# What to work on
Every line below between the line holding "Segunda jornada del Cosquín Rock 2026." and the line holding "Ferragamo Brown Acetate Sunglasses", inclusive, should be repeated exactly, and all other lines omitted.

======== Entries shown ========

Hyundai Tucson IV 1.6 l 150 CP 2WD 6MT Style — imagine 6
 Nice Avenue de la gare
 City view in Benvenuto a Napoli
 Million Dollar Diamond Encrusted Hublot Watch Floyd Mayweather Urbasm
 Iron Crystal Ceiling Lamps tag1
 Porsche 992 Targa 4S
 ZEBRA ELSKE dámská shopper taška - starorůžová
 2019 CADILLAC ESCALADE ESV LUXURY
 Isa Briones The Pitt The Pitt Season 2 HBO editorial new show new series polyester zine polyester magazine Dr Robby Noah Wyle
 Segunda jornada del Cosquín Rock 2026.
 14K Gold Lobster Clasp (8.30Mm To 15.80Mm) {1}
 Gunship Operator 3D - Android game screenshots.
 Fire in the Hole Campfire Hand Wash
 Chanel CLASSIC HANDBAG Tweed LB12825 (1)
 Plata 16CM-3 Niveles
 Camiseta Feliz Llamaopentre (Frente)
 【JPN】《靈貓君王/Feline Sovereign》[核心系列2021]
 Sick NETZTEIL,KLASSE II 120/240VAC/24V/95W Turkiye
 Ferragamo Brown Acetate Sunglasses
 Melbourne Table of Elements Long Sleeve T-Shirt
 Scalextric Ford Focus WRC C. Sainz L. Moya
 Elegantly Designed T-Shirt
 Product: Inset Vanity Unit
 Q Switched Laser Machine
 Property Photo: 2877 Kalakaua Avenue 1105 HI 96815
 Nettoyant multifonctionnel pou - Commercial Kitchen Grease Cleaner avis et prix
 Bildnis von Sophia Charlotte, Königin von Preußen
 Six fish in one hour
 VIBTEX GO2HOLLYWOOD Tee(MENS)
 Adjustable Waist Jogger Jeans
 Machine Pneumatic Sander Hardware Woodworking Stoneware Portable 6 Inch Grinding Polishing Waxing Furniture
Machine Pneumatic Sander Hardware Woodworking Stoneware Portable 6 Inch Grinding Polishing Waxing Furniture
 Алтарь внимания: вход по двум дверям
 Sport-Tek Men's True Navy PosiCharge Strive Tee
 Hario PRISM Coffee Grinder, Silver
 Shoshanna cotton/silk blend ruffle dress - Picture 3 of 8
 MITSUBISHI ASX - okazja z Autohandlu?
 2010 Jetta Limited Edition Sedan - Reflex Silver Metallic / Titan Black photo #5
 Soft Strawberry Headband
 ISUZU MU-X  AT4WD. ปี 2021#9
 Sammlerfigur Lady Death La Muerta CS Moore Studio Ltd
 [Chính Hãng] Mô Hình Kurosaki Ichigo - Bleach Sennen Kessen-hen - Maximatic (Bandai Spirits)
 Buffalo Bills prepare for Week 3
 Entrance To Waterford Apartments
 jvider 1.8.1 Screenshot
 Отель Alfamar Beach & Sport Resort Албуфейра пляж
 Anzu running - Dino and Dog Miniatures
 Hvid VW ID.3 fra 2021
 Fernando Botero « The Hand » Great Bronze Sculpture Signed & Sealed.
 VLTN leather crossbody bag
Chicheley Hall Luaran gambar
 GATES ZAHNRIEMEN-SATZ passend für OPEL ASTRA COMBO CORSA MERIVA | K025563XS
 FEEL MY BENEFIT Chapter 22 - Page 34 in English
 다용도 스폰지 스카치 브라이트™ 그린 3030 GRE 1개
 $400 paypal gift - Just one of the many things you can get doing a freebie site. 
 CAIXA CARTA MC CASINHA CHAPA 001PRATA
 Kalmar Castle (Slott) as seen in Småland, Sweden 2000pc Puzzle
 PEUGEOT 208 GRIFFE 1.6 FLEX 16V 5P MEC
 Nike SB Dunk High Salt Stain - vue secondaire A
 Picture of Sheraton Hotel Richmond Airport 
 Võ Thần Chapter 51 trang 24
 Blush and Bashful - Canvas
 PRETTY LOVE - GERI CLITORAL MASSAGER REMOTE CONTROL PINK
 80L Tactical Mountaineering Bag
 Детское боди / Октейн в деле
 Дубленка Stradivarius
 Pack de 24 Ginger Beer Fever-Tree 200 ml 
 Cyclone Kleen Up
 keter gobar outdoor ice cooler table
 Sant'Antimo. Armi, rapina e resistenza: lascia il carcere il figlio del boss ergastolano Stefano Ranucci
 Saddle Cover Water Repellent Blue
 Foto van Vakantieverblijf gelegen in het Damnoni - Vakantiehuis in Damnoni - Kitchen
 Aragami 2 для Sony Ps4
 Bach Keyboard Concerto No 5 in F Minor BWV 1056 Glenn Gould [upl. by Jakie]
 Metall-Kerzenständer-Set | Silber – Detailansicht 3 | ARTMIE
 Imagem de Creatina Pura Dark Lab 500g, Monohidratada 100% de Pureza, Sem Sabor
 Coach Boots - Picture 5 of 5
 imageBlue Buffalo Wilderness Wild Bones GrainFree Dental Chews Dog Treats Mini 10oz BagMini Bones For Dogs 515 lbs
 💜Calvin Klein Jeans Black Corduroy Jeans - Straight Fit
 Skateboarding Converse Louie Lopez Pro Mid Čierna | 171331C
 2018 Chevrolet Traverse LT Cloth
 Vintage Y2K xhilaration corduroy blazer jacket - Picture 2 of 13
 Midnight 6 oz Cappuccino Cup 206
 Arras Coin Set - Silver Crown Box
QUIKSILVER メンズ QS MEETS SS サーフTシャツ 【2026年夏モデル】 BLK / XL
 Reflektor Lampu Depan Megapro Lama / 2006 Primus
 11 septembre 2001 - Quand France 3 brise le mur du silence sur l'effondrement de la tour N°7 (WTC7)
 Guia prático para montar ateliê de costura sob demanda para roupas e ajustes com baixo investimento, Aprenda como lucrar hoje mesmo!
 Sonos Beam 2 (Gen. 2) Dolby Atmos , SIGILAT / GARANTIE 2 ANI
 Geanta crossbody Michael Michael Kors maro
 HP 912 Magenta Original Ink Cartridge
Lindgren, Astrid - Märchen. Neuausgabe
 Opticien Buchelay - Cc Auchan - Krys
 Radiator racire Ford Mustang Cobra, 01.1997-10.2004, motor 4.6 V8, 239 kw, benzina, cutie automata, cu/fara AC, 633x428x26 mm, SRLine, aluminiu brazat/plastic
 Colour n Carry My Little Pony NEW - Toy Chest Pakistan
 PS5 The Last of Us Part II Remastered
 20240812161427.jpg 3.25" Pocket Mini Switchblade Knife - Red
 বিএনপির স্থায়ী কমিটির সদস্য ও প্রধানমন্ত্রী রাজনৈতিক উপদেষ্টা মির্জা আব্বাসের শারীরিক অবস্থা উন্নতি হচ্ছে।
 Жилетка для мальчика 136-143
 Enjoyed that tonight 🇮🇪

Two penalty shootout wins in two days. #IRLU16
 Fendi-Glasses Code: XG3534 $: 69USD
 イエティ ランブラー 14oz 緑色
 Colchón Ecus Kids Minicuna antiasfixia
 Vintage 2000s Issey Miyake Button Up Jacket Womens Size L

========

# Worked solution
 Segunda jornada del Cosquín Rock 2026.
 14K Gold Lobster Clasp (8.30Mm To 15.80Mm) {1}
 Gunship Operator 3D - Android game screenshots.
 Fire in the Hole Campfire Hand Wash
 Chanel CLASSIC HANDBAG Tweed LB12825 (1)
 Plata 16CM-3 Niveles
 Camiseta Feliz Llamaopentre (Frente)
 【JPN】《靈貓君王/Feline Sovereign》[核心系列2021]
 Sick NETZTEIL,KLASSE II 120/240VAC/24V/95W Turkiye
 Ferragamo Brown Acetate Sunglasses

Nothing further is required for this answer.